If you know the original story then you can happily read all of this up until the nitpicks without worrying.
So, there you are, living a perfectly reasonable life,  living through the same mixture of peace and inter-tribal conflicts that punctuate history, safe in the knowledge that most of the trouble is far enough away that you can get on with the day to day moments of everyday life.

And then, as if from nowhere, come huge machines, piloted by remote creatures that seem to show no wish except death and destruction.  They arrive in a blare of noise and death.  Oh, yeah, they've got your Shock and Awe _right here_, indiscriminately killing multitudes for their own mysterious ends.

So you flee, terrified, taking those things that are most precious to you and heading for anywhere that might be safe, only to find that _nowhere_ is safe -  the invaders can appear at any time, impervious to your attacks.  You hear rumours from far-off lands, but nothing really makes any sense, and whenever you see conflict between your own troops and the alien machines it ends with annihilation.

And then you discover that they aren't just here for the death - they want your land - they want to make it there’s, make it unrecognisable to you, and uninhabitable to you.  Soon your world will be their world and they will have all of your natural resources.

You fall to bickering over survival, becoming a threat to each other more as much as anything else, the ownership of anything useful being as much a threat to the owner as it is a help to them.

And you have to hope that somewhere out there someone is looking out for you - that someone is leading a successful resistance, or working on a secret weapon, or that the invaders have overlooked something vital that will mean their doom, because there's nothing left for you to do.

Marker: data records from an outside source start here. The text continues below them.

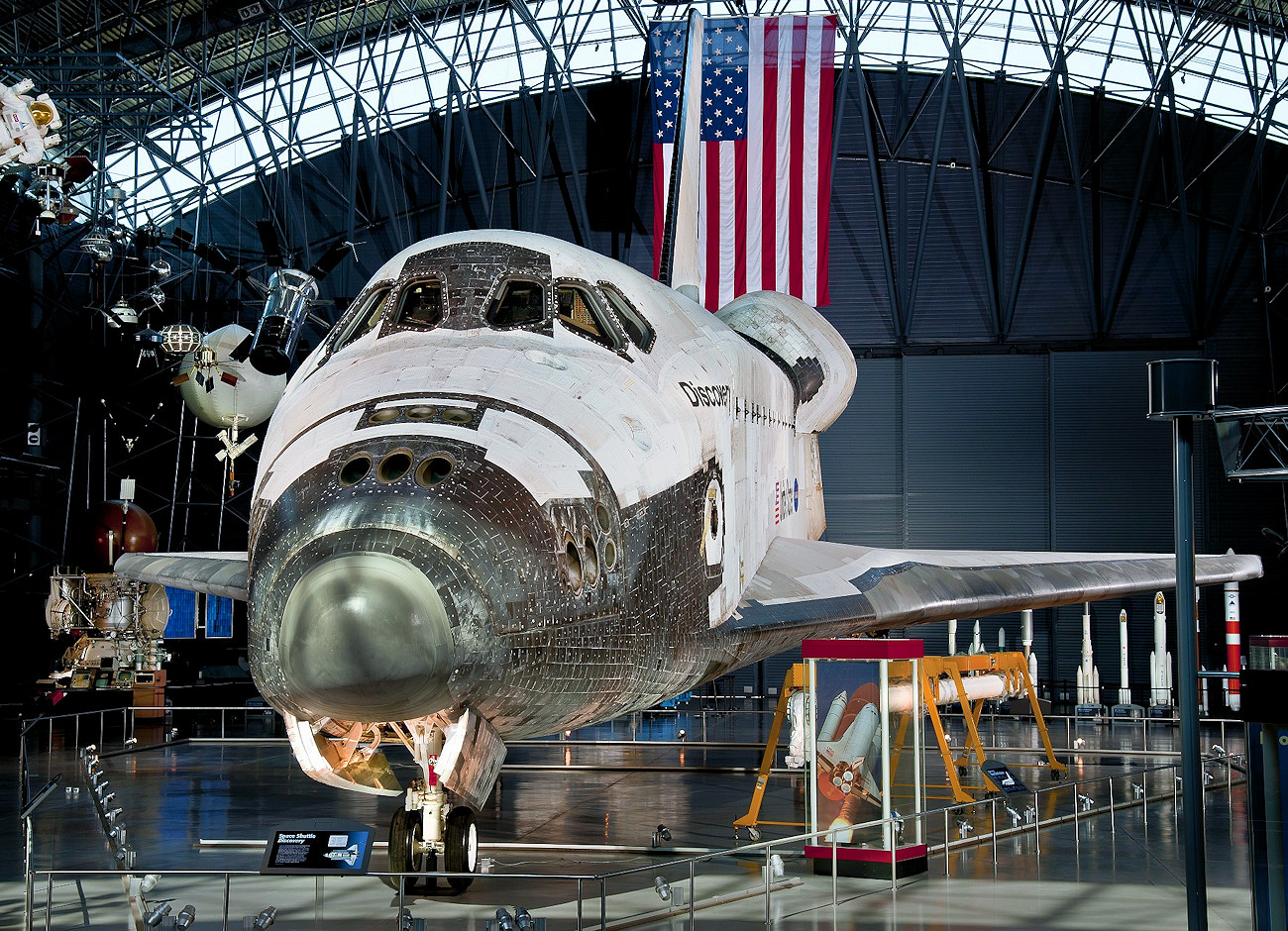 Space Shuttle Discovery - Raumfähren des Space-Shuttle-Programms der NASA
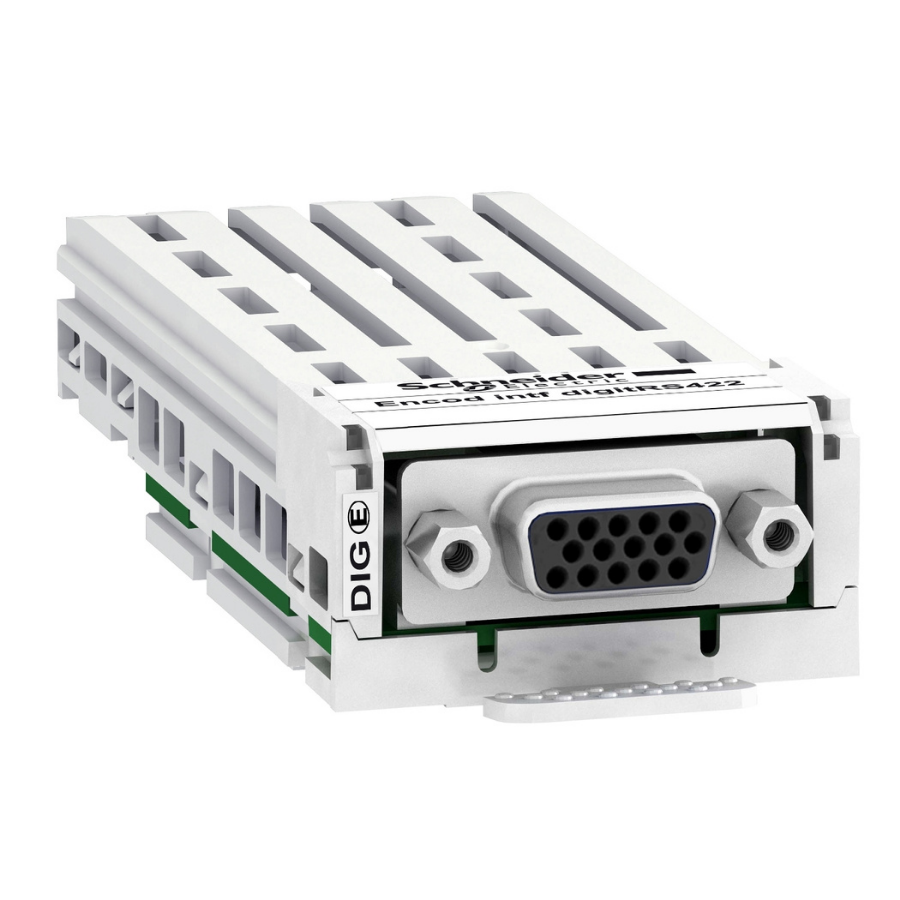 Schneider Electric VW3A3420 Dijital Enkoder Modülü 5/12V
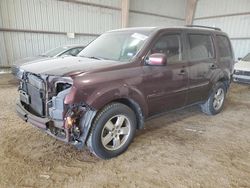 Honda Pilot Exln salvage cars for sale: 2011 Honda Pilot Exln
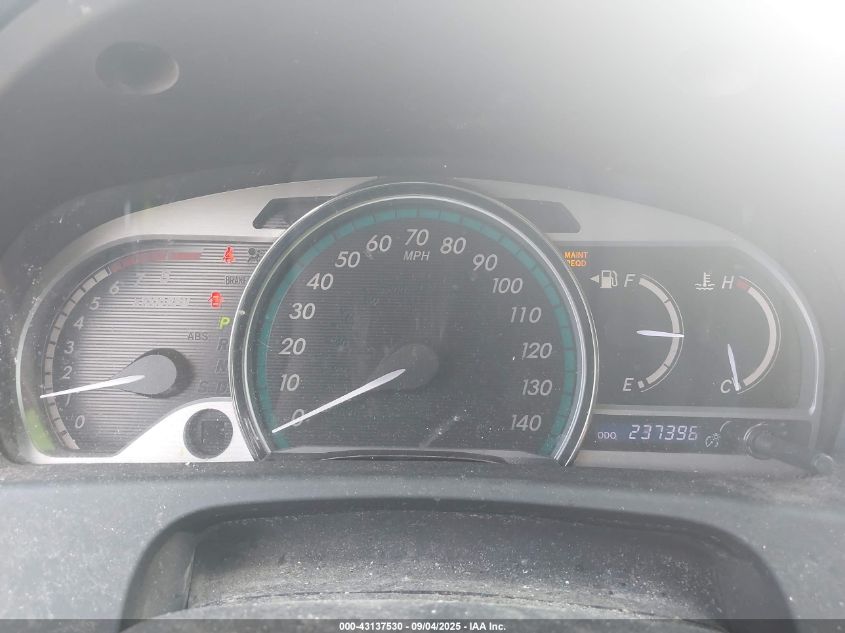 2012 Toyota Venza Le/Xle VIN: 4T3ZA3BB1CU056325 Lot: 43137530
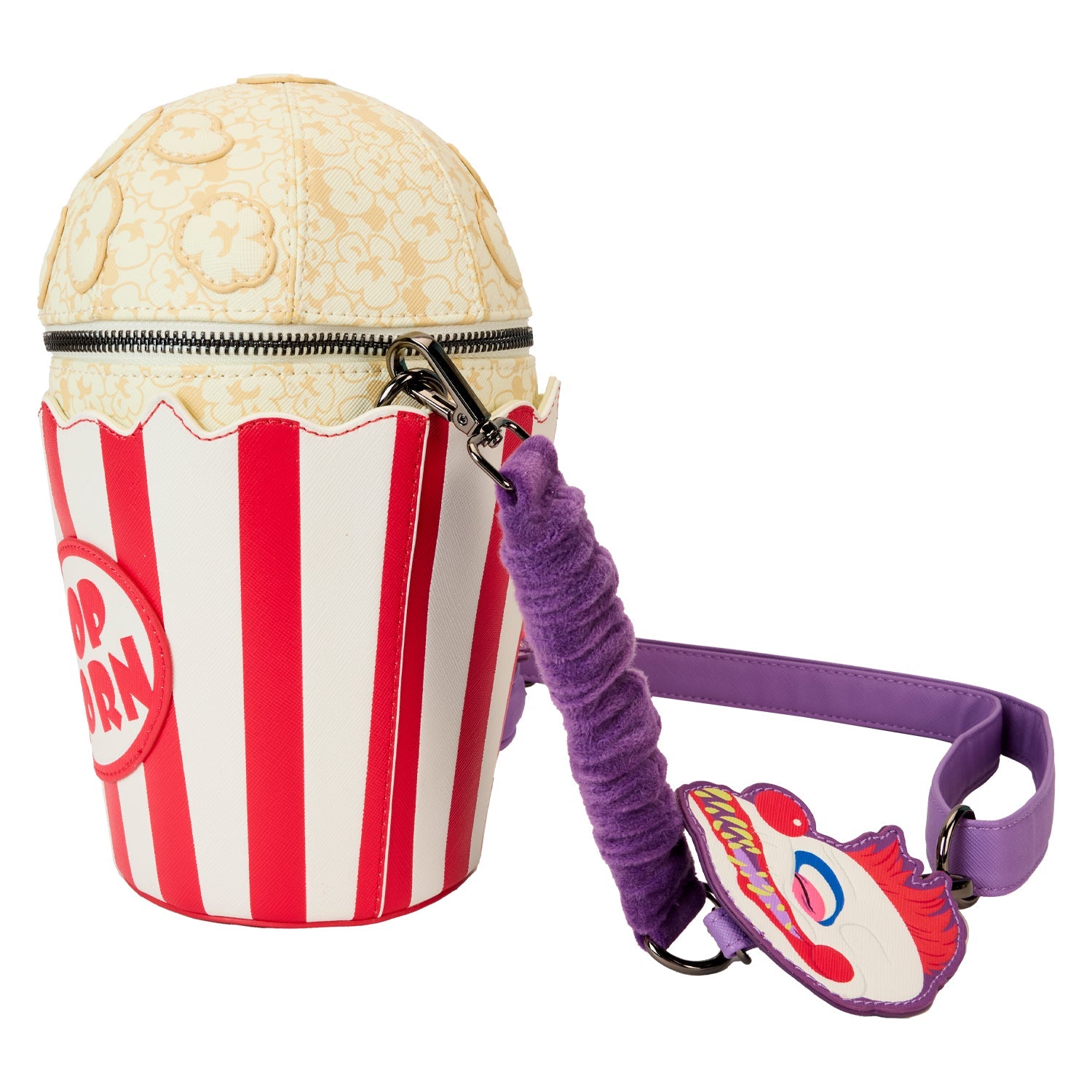 Loungefly x Killer Klowns Popcorn Crosbody Bag - GeekCore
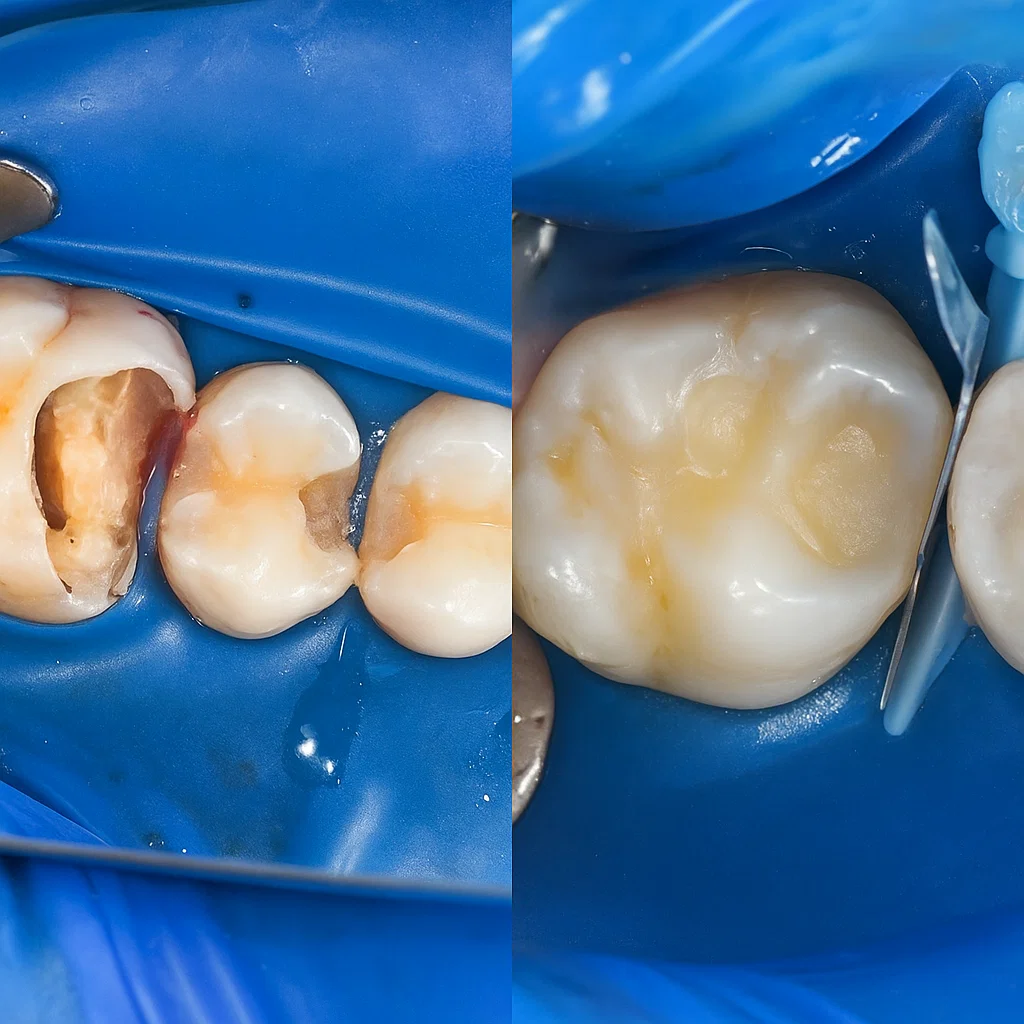 Pain After a Tooth Filling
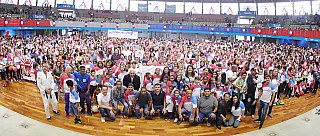 2º Encontro do Esporte reúne 4 mil pessoas na Arena Suzano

The first 9/10 of this movie are great - Spielberg does a great job with the direction, using Cruise as a viewpoint character, you get to see nothing he doesn't see himself and you get to live through the sheer lack of understanding and powerlessness that all of humanity is facing.    There's no learning experience, there's barely any character development, there's just someone dealing with the problems in front of them, one tiny step at a time, trying to survive on a human level, because dealing with things on the larger scale is completely beyond them.

The problems I have with the film are in the penultimate section, and if you didn't want to read them, you should have stopped reading by........now.

Suddenly the whole mood of the film changes from something approaching realism to what seems to be a dream sequence.  The whole sequence starting from the pair waking to see Tripod eye watching them up until their arrival in Boston is completely out of keeping with the rest of the film.  The most glaring example of which is that Cruise, having failed to be instantly killed by the tripod, is in his car when it's flipped upside down, from where he looks out and sees his daughter standing _exactly_ in front of his car, highlighted through the only hole in the car windscreen, as she stands highlighted perfectly on a rise with a huge moon right behind her.  The scene looks gorgeous - but it's from a completely different movie, and I spent a good 5 minutes waiting for Cruise to wake up from a dream sequence.

The ending is also abrupt, and we could have done with a little more time between leaving the house and Boston, to get some idea of the countryside and how they coped - I'd even have settled of a montage of them hiding out and moving carefully from place to place.

However, this apart I'd definitely recommend seeing it for the first 9/10 of the film.  The movie was originally written 'about' the effect of the British Empire on the countries it colonised and it's just as applicable to events now as it was then (and to events throughout history - if you wanted to read it as a metaphor for Napoleon's invasion of Russia, falling back only because of the freezing winter, that'd be  easy to justify).

8/10

ObQuote: This is no more of a war than there is a war between men and maggots. This isn't a war... this is an extermination.